His lenders, though, were less enthusiastic about him buying those properties and taking on the debt to develop the Waikoloa plot. So, through word of mouth, he found a buyer — Anderson. Savio said he thought Anderson paid a little closer to $6 million for the property, although he wasn’t certain.

The sales price is just more than half of what the county determined to be the property’s market value of $9.5 million. The county collected about $100,000 in property taxes last year for the undeveloped land.

Anderson, who is not part of JPL Hawaii LLC, said the group’s goal is to finish the interior road and underground utility improvements next year.

“The homes are geared toward local families, subdivision consists of single family detached home sites, ideal for raising families and in close proximity to thousands of jobs,” Anderson said in an email late Wednesday. “We feel the location is very unique as it offers resort living with the beach and multiple restaurants within the resort.

In all, the group intends to develop a 420-home subdivision with a park, community center, work out facility and “resort pool experience,” Anderson said.

According to state records available online, JPL Hawaii LLC formed in April. Records list Jeremy Leonard as the group’s member.

The property has an approved subdivision application and a final plan approval, as well as a special management area permit that will allow for up to 420 residential units. Davis said the planned unit development only calls for 195 units — 92 single-family homes and 103 units in multiunit buildings. That approved plan also allows for an 18-hole golf course.

Waikoloa Beach Resort’s 2014 annual report to the state Land Use Commission referenced the golf course.

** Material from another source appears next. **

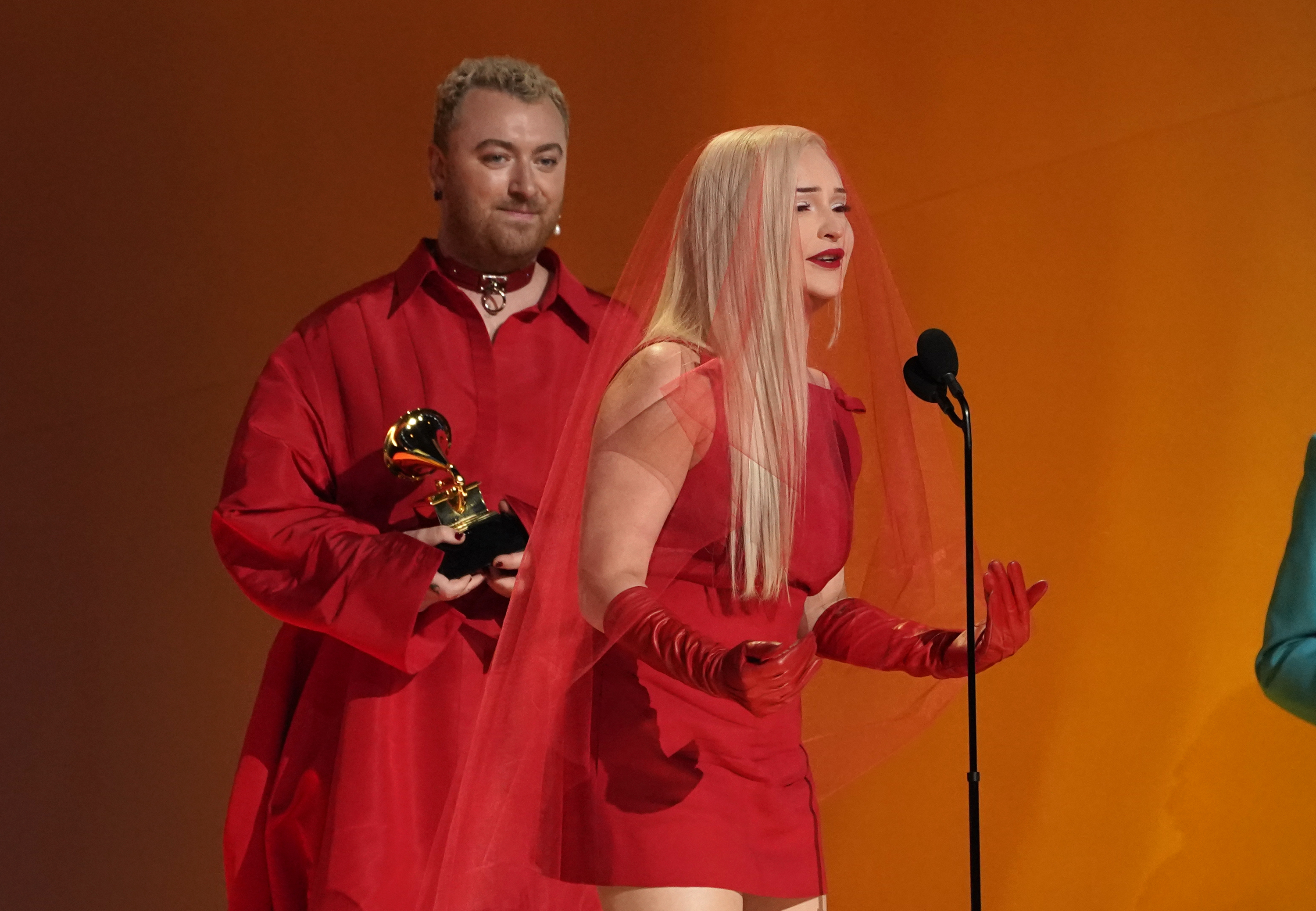Kim Petras, derecha, y Sam Smith reciben el premio a mejor interpretación pop de dúo o grupo por "Unholy" en la 65a entrega anual del Grammy el domingo 5 de febrero de 2023, en Los Angeles. (Foto AP/Chris Pizzello)
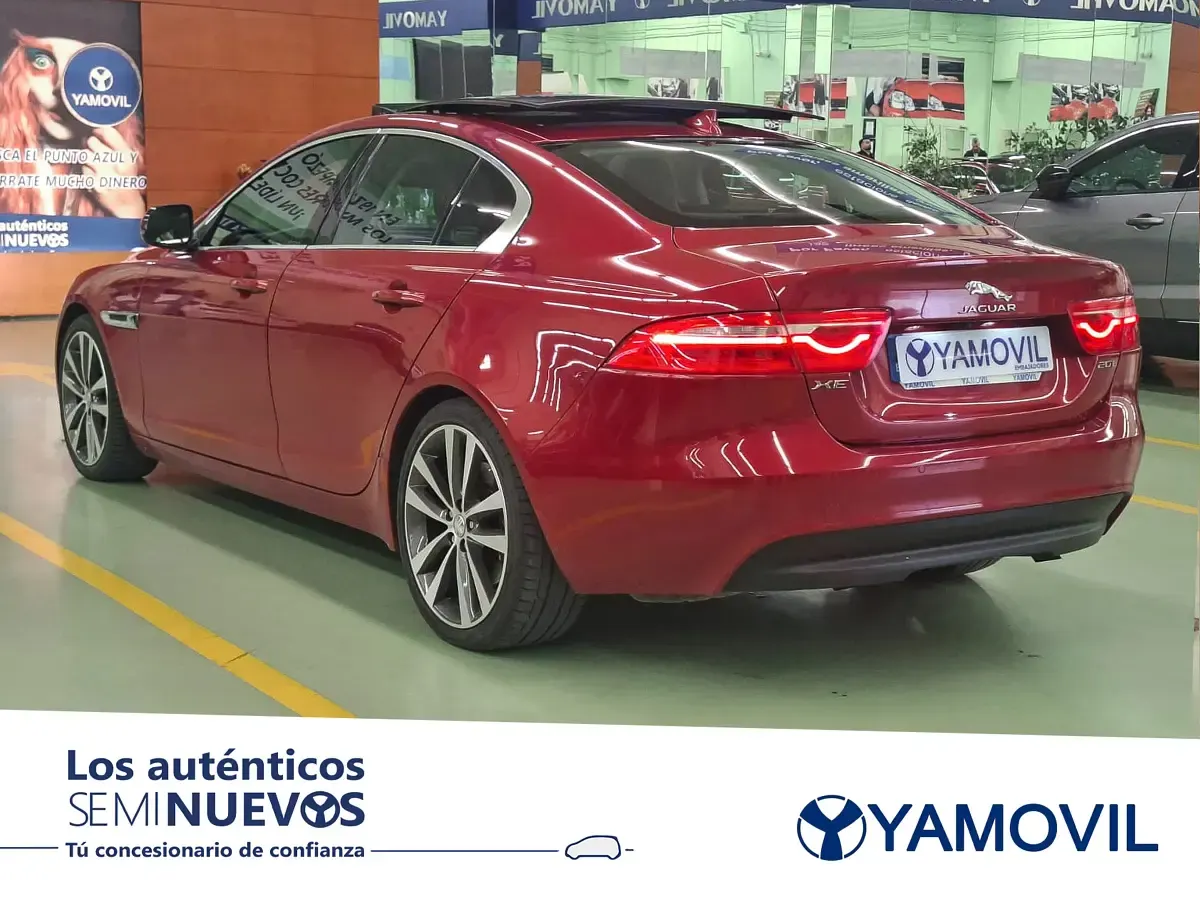Usado Jaguar XE Prestige 200 CV (147 kW) 2015 Rojo Berlina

“Completion of construction on the Waikoloa Homesites Venture’s golf course, which commenced on Jan. 26, 1995, remains deferred pending a change in market conditions, which will not support a project of this nature at this time,” the report said, adding that Elleair Hawaii was Waikoloa Homesites Venture’s successor, via a merger. The 2011 annual report said the Hawaii County Planning Commission gave the project an extension, through April 2013, to build the golf course.